Inventors' Blindness
Howard Aiken of IBM once said: "No more than six computers shall ever be sold in the commercial market." The irony of this comment is that Aiken was the person who designed the IBM's first ever computer.
Great inventors often are so immersed in their own ways of thinking that they fail to see the practical potential of their own creations. In fact, it even applies to people like Thomas Elva Edison, who combined imagination with practical common sense. Edison was not an unworldly person. He was practical enough to patent all his 2,500 odd inventions, and even started the company (which later grew into General Electric) to manufacture his patented invention of bulb. Nevertheless, when he invented phonograph (the earlier day version of record player), he commented: "The phonograph... has no commercial value."

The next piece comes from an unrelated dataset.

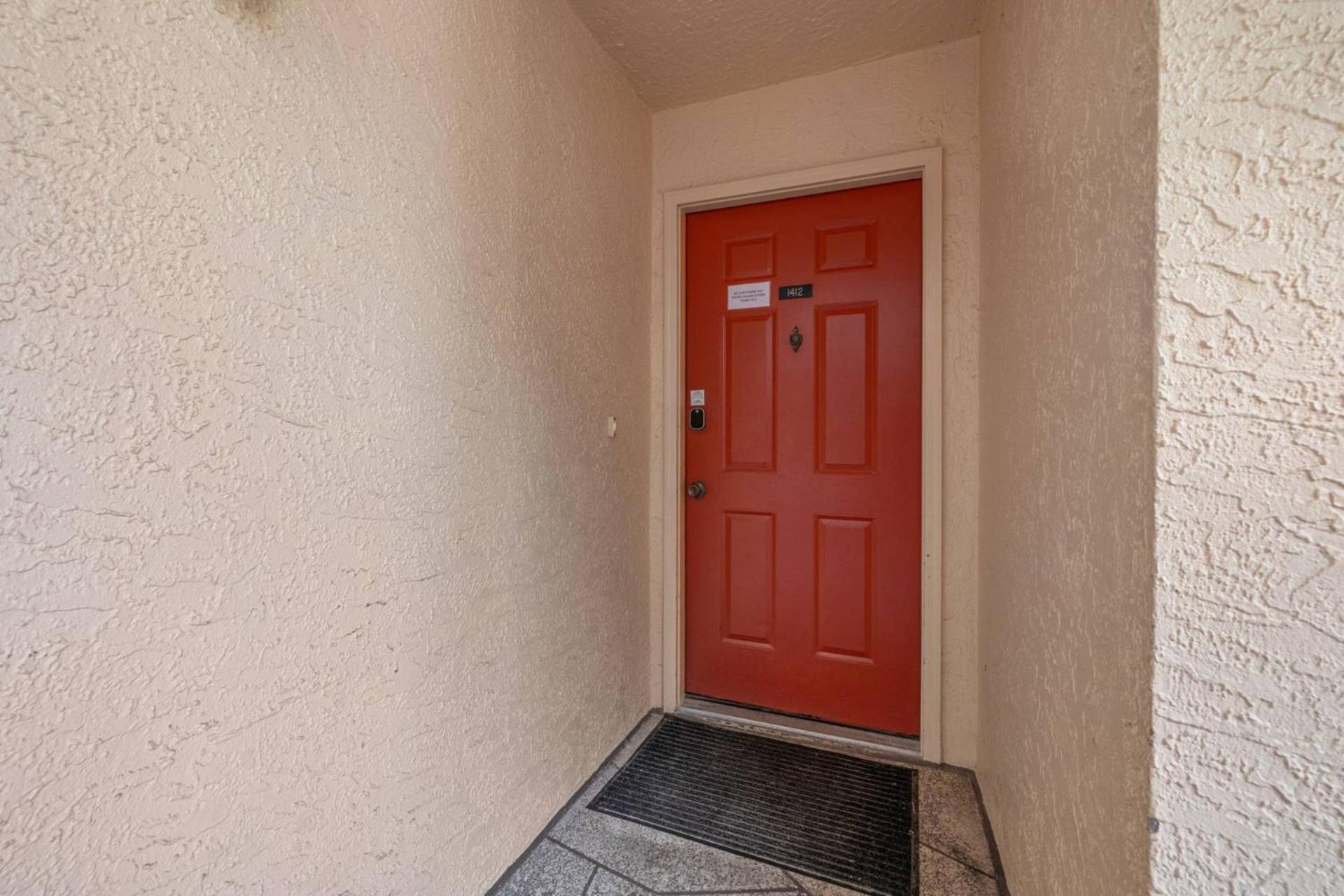 1412 Holiday home Clearwater Beach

What applies to individuals also applies to large, successful, and often innovative organisations. A large number of innovations, which became the cornerstone of modern personal computing (e.g., bit-map display, windows, mouse, etc.) were invented in Xerox's research facility at Palo Alto (PARC), California. But Xerox was focused on photocopier market. It used these technologies for developing internal systems, not for developing marketable products. When Steve Jobs of Apple visited PARC, he was dazed by the market potential these invention had. He lured away many PARC researchers, and that is how, windows and mouse found their way in Apple's Lisa model.